# Just took dinner out of the oven.



## Paradox (Oct 1, 2012)

Looks and smells so good I thought it needed some quiet protection. :O Even Merlin thinks it might be good.


----------



## Zwiefel (Oct 2, 2012)

Thats not quite as effective at portioning as a good blade....but still nice...beautiful doggie too.


----------



## AFKitchenknivesguy (Oct 3, 2012)

Is that a Sig Mesquito with the fake can?


----------



## Korin_Mari (Oct 3, 2012)

That looks delicious! And your dog is gorgeous. Husky? 

May I ask why you have a gun there though? LOL


----------



## mr drinky (Oct 3, 2012)

Just a safety note. In our house we always try to remember to turn the barrel with silencer away from the counter edge so kids can't grab it 

k.


----------



## brainsausage (Oct 3, 2012)

nothing like some casserole after a little plinking


----------



## Paradox (Oct 3, 2012)

AFKitchenknivesguy said:


> Is that a Sig Mesquito with the fake can?



It's a Ruger SR-22 with a real can.



Korin_Mari said:


> That looks delicious! And your dog is gorgeous. Husky?
> 
> May I ask why you have a gun there though? LOL



Thank you, he's a Husky mixed with some other stuff not really known.

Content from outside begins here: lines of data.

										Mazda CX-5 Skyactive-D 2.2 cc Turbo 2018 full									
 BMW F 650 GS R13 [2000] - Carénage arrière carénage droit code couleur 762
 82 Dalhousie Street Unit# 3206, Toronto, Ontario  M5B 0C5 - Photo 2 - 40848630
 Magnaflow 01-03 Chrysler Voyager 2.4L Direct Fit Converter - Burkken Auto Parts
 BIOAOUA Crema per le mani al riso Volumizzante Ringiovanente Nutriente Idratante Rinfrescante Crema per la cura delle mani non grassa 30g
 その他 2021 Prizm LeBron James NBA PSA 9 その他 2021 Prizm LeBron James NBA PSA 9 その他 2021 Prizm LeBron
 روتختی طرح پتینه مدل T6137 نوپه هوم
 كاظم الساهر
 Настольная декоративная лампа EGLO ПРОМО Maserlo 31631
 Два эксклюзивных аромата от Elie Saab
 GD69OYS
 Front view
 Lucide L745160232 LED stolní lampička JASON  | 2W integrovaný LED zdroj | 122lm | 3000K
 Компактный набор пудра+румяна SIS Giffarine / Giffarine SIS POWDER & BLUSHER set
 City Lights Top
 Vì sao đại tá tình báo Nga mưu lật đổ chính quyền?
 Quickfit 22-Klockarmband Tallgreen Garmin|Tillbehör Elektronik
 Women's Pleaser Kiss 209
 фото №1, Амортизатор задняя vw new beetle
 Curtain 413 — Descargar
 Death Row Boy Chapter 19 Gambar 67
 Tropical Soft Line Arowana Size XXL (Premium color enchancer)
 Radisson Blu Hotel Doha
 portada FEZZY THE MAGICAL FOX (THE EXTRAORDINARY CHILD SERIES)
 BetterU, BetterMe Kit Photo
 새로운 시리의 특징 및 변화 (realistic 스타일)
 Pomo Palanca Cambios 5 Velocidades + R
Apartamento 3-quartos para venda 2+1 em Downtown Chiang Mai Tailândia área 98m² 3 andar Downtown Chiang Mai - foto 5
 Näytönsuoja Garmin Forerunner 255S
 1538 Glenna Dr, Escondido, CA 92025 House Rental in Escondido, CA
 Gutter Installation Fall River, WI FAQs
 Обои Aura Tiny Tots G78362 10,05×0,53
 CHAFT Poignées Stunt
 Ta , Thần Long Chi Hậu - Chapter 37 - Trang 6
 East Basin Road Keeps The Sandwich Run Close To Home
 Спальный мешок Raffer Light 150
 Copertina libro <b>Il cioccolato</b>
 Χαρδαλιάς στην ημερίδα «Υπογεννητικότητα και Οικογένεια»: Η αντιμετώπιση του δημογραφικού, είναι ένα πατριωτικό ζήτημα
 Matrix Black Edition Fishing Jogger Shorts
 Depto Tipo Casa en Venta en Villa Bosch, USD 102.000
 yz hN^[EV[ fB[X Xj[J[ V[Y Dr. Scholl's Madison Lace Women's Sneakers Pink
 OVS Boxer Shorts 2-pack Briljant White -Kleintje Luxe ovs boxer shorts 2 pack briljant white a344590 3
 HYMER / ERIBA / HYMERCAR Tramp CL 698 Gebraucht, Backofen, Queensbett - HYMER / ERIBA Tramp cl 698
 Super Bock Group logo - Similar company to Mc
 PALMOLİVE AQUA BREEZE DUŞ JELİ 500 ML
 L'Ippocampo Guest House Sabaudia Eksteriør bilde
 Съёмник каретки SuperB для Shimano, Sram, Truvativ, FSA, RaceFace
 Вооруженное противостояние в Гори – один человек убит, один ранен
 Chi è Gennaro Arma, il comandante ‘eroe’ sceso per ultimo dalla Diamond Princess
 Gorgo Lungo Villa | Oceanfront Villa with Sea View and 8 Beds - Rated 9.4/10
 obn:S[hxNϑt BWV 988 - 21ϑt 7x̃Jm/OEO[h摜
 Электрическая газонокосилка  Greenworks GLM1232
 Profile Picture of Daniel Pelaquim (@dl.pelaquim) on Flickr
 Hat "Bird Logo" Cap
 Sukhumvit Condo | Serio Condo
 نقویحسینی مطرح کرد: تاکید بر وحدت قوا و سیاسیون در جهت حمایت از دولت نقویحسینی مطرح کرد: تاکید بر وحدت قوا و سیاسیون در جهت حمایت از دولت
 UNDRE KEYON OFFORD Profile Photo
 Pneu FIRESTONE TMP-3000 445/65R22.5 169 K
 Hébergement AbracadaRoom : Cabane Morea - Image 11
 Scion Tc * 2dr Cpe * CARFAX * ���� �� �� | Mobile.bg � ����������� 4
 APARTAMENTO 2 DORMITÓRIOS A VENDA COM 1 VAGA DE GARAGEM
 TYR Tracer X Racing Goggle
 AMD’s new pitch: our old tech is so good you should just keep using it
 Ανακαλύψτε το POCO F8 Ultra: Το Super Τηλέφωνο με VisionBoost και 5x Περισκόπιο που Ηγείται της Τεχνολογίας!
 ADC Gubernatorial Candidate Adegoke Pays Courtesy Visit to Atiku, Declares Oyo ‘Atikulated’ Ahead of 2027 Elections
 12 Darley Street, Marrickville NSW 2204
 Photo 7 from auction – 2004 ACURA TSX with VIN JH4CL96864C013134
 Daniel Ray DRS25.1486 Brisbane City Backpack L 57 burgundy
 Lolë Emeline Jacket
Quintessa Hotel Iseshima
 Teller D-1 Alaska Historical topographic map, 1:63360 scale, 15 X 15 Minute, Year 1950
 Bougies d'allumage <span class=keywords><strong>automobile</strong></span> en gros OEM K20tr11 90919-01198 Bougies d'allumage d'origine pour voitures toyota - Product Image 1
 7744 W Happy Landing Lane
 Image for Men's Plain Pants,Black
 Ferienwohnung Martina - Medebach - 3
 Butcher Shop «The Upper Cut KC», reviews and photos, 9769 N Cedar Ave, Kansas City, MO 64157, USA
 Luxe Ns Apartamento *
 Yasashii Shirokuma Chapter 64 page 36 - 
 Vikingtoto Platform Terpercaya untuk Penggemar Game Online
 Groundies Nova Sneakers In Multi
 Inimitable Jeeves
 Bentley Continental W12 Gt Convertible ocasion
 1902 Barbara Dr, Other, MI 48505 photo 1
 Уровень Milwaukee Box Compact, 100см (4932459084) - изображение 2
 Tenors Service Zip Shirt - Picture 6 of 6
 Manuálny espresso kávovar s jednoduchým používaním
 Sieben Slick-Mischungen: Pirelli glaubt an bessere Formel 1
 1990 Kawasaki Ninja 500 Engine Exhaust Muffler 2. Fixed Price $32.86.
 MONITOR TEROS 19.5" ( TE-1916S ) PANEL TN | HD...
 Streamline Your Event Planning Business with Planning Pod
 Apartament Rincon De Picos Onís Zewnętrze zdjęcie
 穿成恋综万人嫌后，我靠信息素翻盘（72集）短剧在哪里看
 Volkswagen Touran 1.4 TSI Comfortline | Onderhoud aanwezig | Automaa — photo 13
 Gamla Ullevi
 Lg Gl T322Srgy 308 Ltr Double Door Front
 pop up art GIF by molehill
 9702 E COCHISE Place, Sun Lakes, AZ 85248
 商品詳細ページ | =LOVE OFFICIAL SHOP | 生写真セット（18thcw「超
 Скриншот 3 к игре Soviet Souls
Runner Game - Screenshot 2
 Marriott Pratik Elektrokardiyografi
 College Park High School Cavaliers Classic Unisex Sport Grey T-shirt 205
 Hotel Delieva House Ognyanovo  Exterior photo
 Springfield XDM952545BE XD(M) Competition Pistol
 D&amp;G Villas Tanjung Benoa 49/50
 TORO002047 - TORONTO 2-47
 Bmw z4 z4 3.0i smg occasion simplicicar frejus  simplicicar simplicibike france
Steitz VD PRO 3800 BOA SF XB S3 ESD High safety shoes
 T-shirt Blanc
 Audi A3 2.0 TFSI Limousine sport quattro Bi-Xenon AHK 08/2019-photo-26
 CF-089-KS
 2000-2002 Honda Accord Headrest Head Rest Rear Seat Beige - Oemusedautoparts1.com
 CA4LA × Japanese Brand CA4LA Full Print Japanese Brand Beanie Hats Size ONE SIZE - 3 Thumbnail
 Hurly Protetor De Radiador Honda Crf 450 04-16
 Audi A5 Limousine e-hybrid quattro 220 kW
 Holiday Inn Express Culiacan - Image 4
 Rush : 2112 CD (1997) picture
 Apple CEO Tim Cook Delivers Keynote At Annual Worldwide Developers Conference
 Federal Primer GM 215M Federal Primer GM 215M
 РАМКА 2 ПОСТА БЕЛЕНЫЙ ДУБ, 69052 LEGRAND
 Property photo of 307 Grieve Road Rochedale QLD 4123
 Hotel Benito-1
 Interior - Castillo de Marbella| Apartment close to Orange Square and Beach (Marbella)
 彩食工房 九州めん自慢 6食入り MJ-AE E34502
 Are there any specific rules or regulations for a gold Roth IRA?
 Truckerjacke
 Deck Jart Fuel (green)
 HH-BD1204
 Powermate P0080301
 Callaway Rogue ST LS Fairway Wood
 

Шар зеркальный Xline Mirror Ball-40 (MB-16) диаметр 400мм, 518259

The gun is to dispatch any potential Mac-N-Cheese thieves that may happen along to try and take our grub.  Something that wonderful deserves some protection, don't you agree?


----------



## DeepCSweede (Oct 3, 2012)

mr drinky said:


> Just a safety note. In our house we always try to remember to turn the barrel with silencer away from the counter edge so kids can't grab it
> 
> k.




lus1:
I think my Australian Shepard might snatch it up and end up shooting someone.


----------



## makanouchi (Nov 19, 2012)

I don't know, I would use a sweet blade as a deterrent.


----------